EBGAN-MDN: An Energy-Based Adversarial Framework for Multi-Modal Behavior Cloning
Yixiao Li, Julia Barth, Thomas Kiefer, Ahmad Fraij
TL;DR
This work tackles the challenge of multi-modal behavior cloning by integrating energy-based modeling with a Mixture Density Network (MDN) generator, trained via a modified InfoNCE loss and an energy-enforced MDN loss. The MDN generator explicitly models 1-to-$k$ mappings, while the energy model shapes a rich energy landscape to discourage mode collapse and mode averaging. A dynamic scaling mechanism, $\alpha_t$, stabilizes training by progressively reducing the generator's influence as its outputs become more plausible. Empirical results on 2D geometric benchmarks and robotic tasks demonstrate superior mode coverage and sample quality relative to explicit BC, cGAN, IBC, and MDN baselines, highlighting the framework’s robustness and scalability for multimodal planning and imitation in real-world settings.
Abstract
Multi-modal behavior cloning faces significant challenges due to mode averaging and mode collapse, where traditional models fail to capture diverse input-output mappings.

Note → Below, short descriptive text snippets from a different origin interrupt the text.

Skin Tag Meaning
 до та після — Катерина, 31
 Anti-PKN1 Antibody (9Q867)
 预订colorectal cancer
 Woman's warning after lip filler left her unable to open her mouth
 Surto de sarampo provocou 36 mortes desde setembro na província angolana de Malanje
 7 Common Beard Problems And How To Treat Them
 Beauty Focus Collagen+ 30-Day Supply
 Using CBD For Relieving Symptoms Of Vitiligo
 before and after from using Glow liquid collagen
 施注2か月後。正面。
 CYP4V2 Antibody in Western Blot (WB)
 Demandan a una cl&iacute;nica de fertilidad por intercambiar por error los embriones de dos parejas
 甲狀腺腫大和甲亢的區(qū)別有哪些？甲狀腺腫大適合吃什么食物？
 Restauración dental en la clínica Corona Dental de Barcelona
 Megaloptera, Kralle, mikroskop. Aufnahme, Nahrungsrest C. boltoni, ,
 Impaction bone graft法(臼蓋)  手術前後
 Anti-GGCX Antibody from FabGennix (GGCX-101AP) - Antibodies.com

This problem is critical in applications like robotics, where modeling multiple valid actions ensures both performance and safety. We propose EBGAN-MDN, a framework that integrates energy-based models, Mixture Density Networks (MDNs), and adversarial training. By leveraging a modified InfoNCE loss and an energy-enforced MDN loss, EBGAN-MDN effectively addresses these challenges. Experiments on synthetic and robotic benchmarks demonstrate superior performance, establishing EBGAN-MDN as a effective and efficient solution for multi-modal learning tasks.